First look: Fedora Core 5

Rahul Sundaram sundaram at fedoraproject.org
Wed Mar 15 19:51:21 UTC 2006


Hello Bruce Byfield,

http://www.linux.com/article.pl?sid=06/03/08/2321254

Thank you for taking the time to review Fedora Core 5 (test 2) and I 
would like to offer my feedback and comments on the review . My first 
reaction to seeing this title is confusion over a review about a release 
that hasnt been made yet. It would been much better to clarify upfront 
that you are reviewing the second test release.   Anaconda not listing 
reisferfs or other filesystems besides Ext3/ext2 by default is by design 
since these are not supported by the Fedora project and the provision to 
install Fedora on other filesystems are only provided for facilitating 
easy migration. The review says that Anaconda has a long standing 
problem that crashes if the CD requires cleaning. However I havent run 
into problem myself. It would be good if you can file a bug report in 
http://bugzilla.redhat.com regarding this to verify and fix this issue.

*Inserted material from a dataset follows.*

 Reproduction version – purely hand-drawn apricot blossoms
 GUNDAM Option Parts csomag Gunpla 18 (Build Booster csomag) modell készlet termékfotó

Desktop and software selection

The review notes that SELinux slows down GNOME by 60% and this claim is 
unsubstantiated in the absence of any benchmarks. The second test 
release had various debugging options which helped find and fix various 
bugs during the development cycle. An example of such a analysis from 
Dave Jones, Fedora Kernel maintainer at Red Hat can be found at 
http://kernelslacker.livejournal.com/35270.html. It is very likely that 
you have seen a slowdown trigged by such debugging patches. Various 
SELinux performance improvements have also been merged during the 
comparatively long development cycle of Fedora Core 5.

Fedora Core 5  does not have XFCE which is only provided in the Fedora 
Extras repository. KDE and XFCE are not branded to look like GNOME in 
Fedora. XFCE and KDE uses BlueCurve while GNOME uses the new Cairo based 
Clearlooks theme as an example of the differences between them.

We do not have detailed performance comparisons between GCJ  and Sun 
Java yet since the current development is focused on completeness and 
coverage over the standard API  in preference to tweaking the 
performance but if there are significant differences, do let the Fedora 
Java development team 
(http://www.redhat.com/mailman/listinfo/fedora-devel-java-list) know 
about it.

Sabayon and Alacarte is offered in Fedora Extras repository though 
Alacarte is not part of GNOME 2.14 as claimed in the review. Festival, 
drivers for wacom project and ruby are not new to Fedora Core 5 and have 
been part of every Fedora release. Ruby does not replace GCJ based 
applications either.

Yum does not replace RPM as claimed in the review and only complements 
it by adding a automatic dependency resolving tool which uses RPM 
internally. Pirut only provides a timer with a ability to confirm 
immediately when there is a additional dependency that is required to 
update or install a package and does not hide dependencies.

Security and Administration

system-config-kickstart is not a new tool and again has been in every 
release of Fedora and Pirut does list dependencies when required which 
you have even noted earlier as a annoyance.

Recommendations

The system specifications indicated in the release notes are targeted 
towards the default package profile and any distribution providing the 
latest versions of GNOME and KDE would require a very similar 
configuration to perform well and this does not differ very from from 
the latest version of Debian or Ubuntu. Fedora Core along with extras 
offers a choice of several thousand packages and can be tailored to fit 
the beginner or the super geek.

It would help avoid several of these factual mistakes and provide more 
details if you can contact me during your review period on future 
occasions. Thank you for your interest in Fedora.